### EXERCISE GOAL
The material below holds pictures; leave them out and reproduce exactly the lines from the one with "Ontdek de Sebba" through the one with "Irish Bouzouki Instrument", inclusive.
MATERIAL TO PROCESS section start
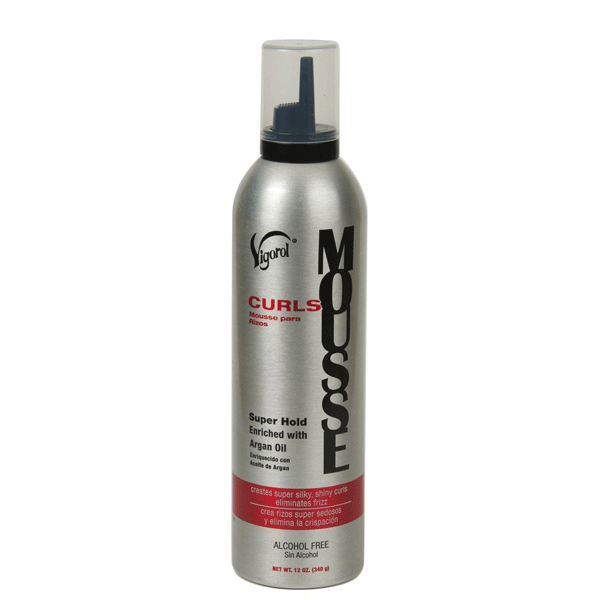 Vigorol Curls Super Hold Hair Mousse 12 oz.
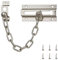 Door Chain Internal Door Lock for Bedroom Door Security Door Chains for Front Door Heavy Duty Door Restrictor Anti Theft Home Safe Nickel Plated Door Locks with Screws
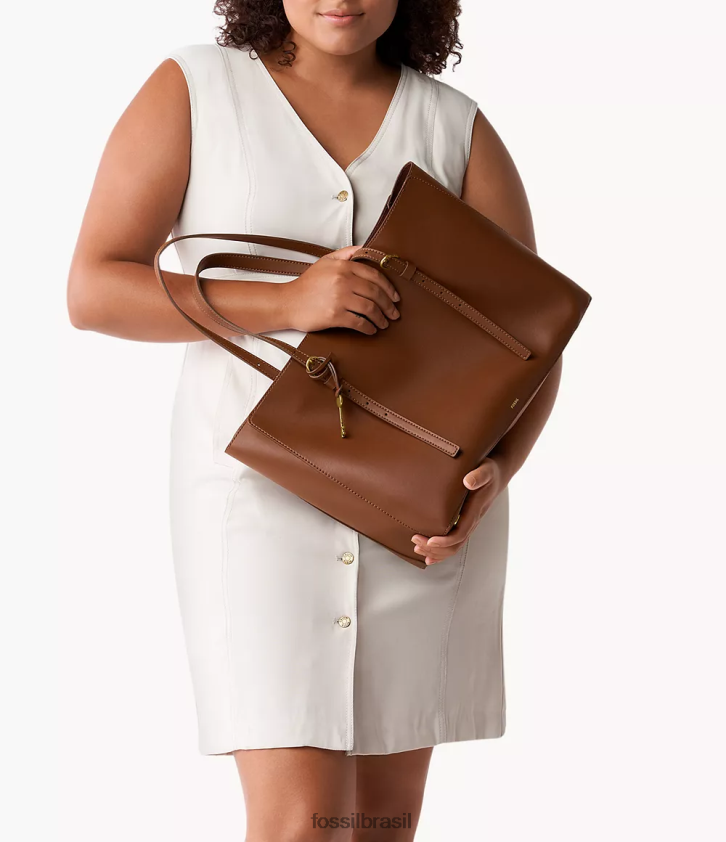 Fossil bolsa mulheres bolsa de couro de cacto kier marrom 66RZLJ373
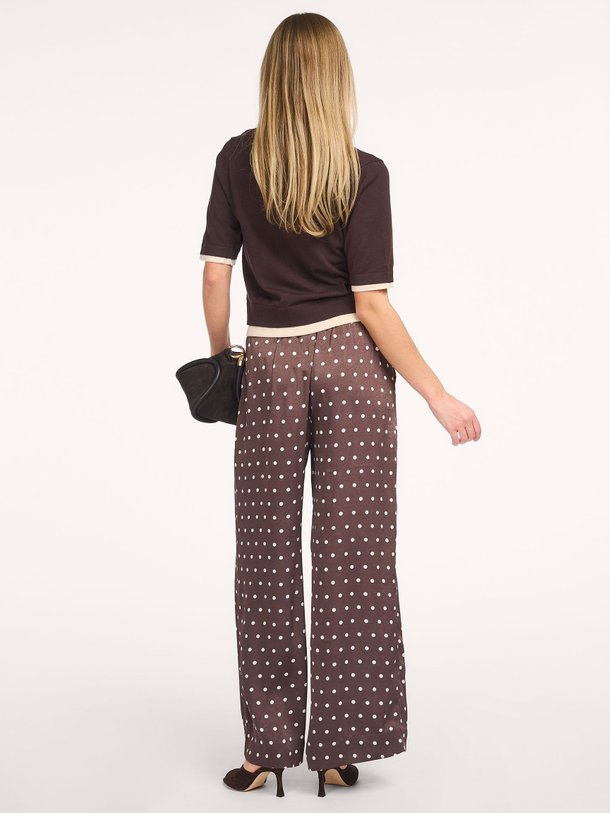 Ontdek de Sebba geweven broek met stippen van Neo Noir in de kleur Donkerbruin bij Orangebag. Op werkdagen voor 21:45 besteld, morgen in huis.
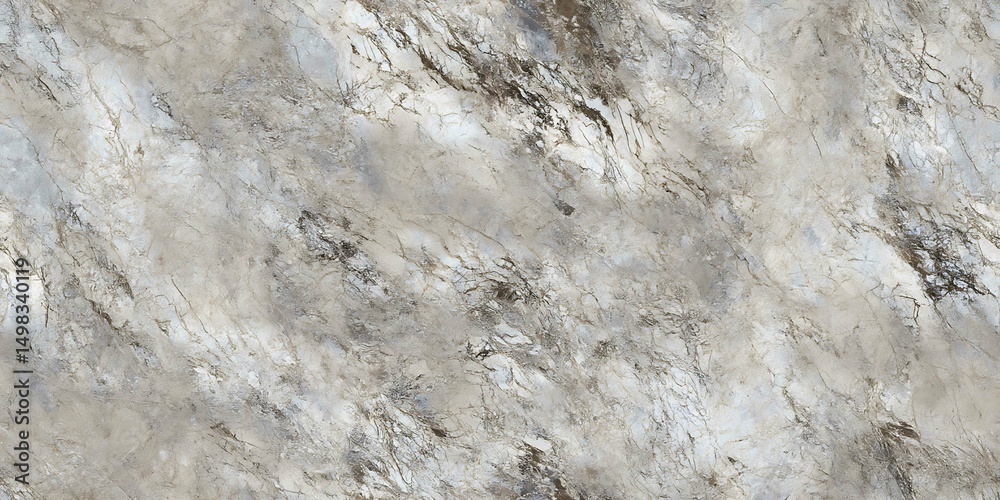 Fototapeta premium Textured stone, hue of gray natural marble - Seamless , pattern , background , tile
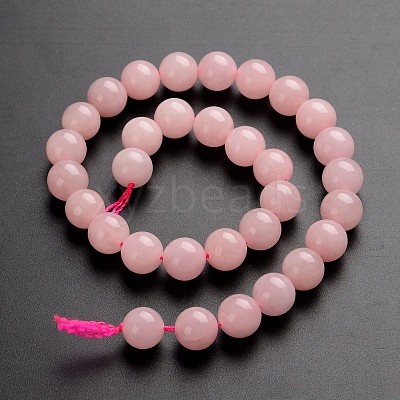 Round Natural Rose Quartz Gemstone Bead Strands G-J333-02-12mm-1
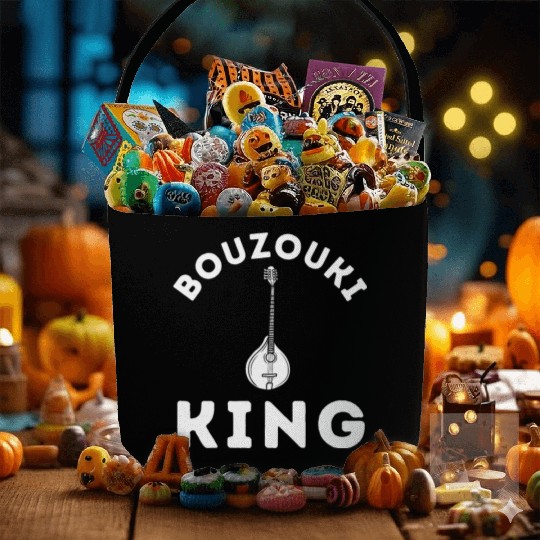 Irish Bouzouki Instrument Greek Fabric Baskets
MATERIAL TO PROCESS section end
MATERIAL TO PROCESS section start
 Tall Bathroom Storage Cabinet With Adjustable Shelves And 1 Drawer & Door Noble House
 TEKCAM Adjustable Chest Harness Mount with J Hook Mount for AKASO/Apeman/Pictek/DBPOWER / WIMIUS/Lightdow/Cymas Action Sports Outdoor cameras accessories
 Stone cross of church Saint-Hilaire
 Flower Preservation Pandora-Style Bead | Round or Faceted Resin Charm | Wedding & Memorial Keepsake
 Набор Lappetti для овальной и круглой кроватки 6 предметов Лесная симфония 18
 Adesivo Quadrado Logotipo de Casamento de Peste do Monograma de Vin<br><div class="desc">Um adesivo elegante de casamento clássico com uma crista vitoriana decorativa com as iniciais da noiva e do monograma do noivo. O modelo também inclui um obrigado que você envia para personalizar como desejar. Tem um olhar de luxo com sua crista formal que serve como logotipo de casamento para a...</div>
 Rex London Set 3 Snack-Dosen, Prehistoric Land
MATERIAL TO PROCESS section end
MATERIAL TO PROCESS section start
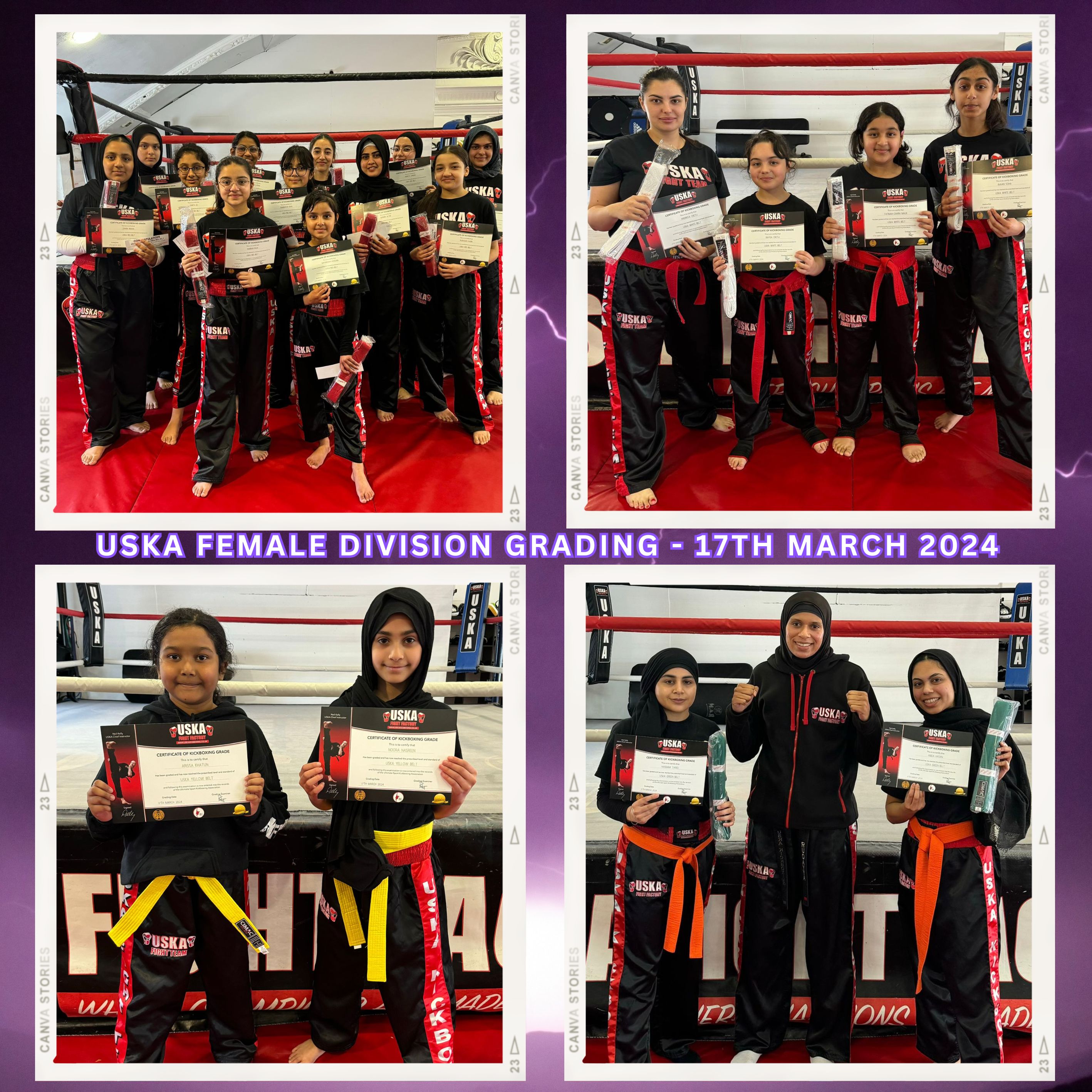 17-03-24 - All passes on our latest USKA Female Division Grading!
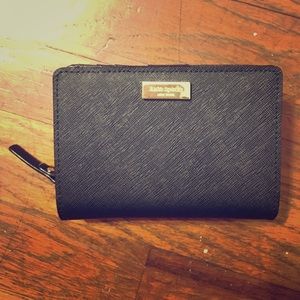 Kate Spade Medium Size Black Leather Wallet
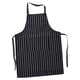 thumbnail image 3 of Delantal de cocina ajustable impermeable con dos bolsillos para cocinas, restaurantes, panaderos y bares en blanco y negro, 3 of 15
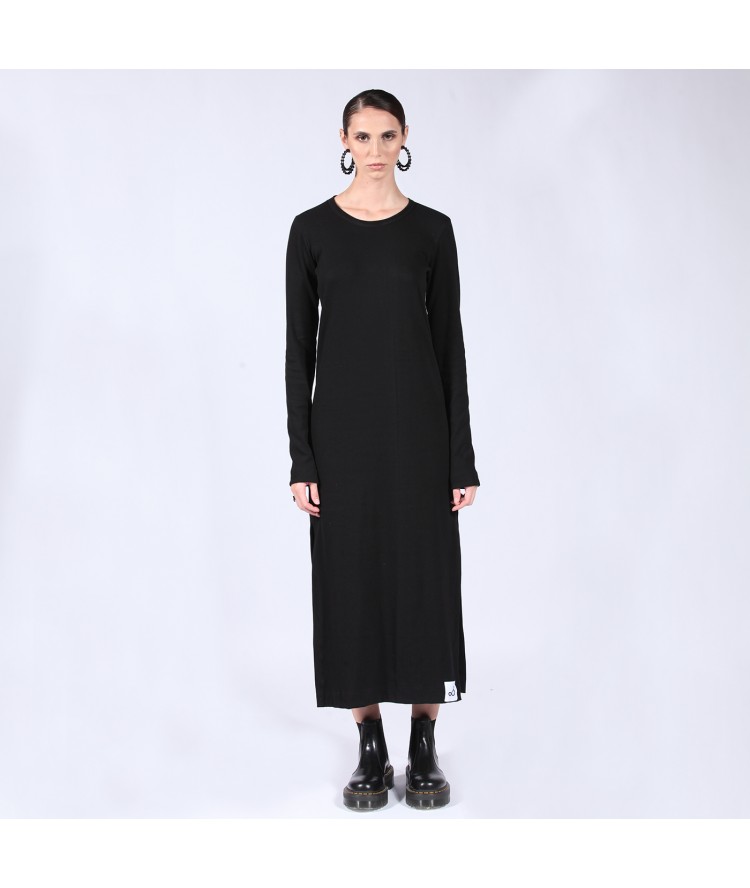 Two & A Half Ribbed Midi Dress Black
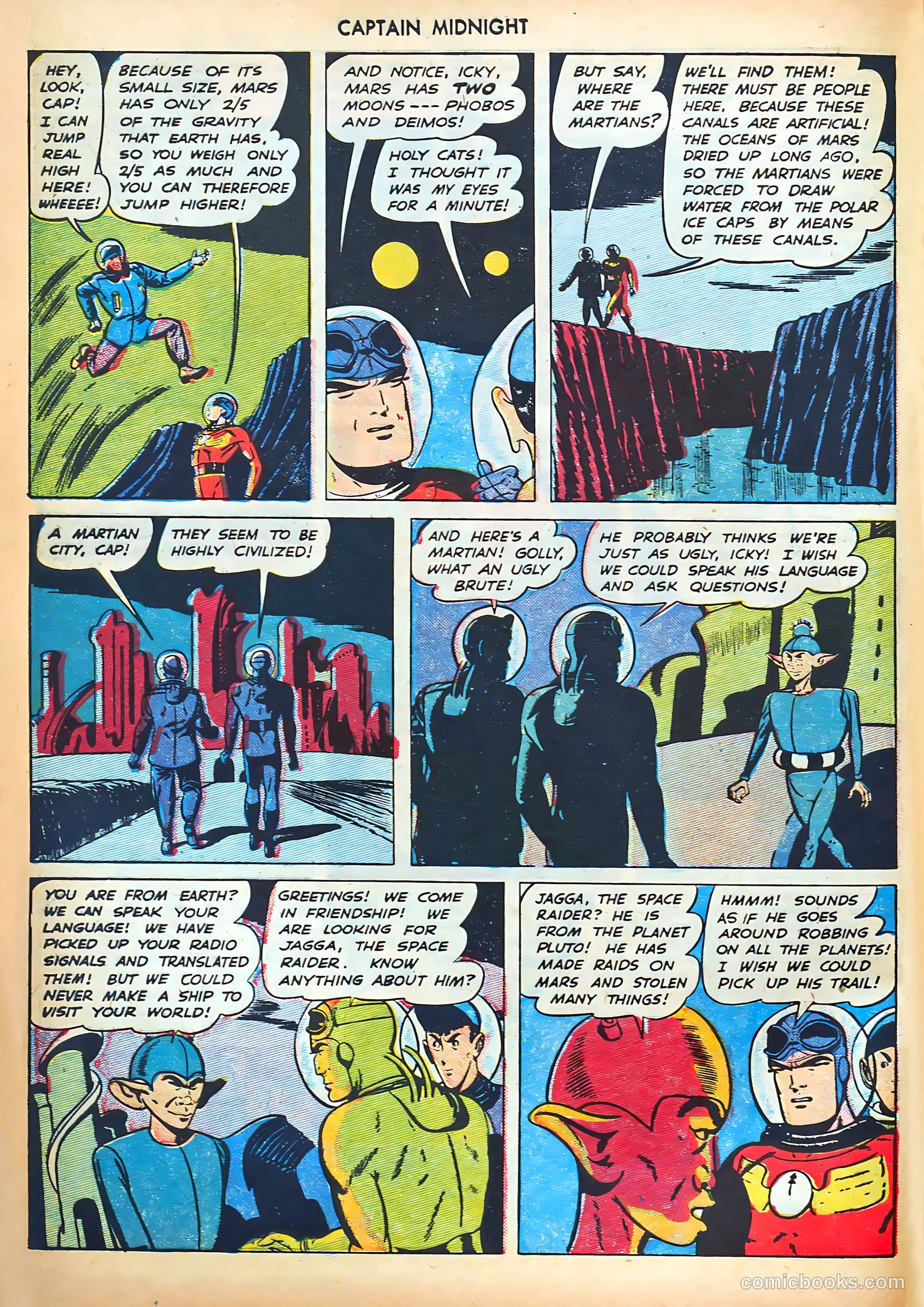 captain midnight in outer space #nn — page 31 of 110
MATERIAL TO PROCESS section end
### ANSWER TO THIS EXERCISE
 Ontdek de Sebba geweven broek met stippen van Neo Noir in de kleur Donkerbruin bij Orangebag. Op werkdagen voor 21:45 besteld, morgen in huis.
 Fototapeta premium Textured stone, hue of gray natural marble - Seamless , pattern , background , tile
 Round Natural Rose Quartz Gemstone Bead Strands G-J333-02-12mm-1
 Irish Bouzouki Instrument Greek Fabric Baskets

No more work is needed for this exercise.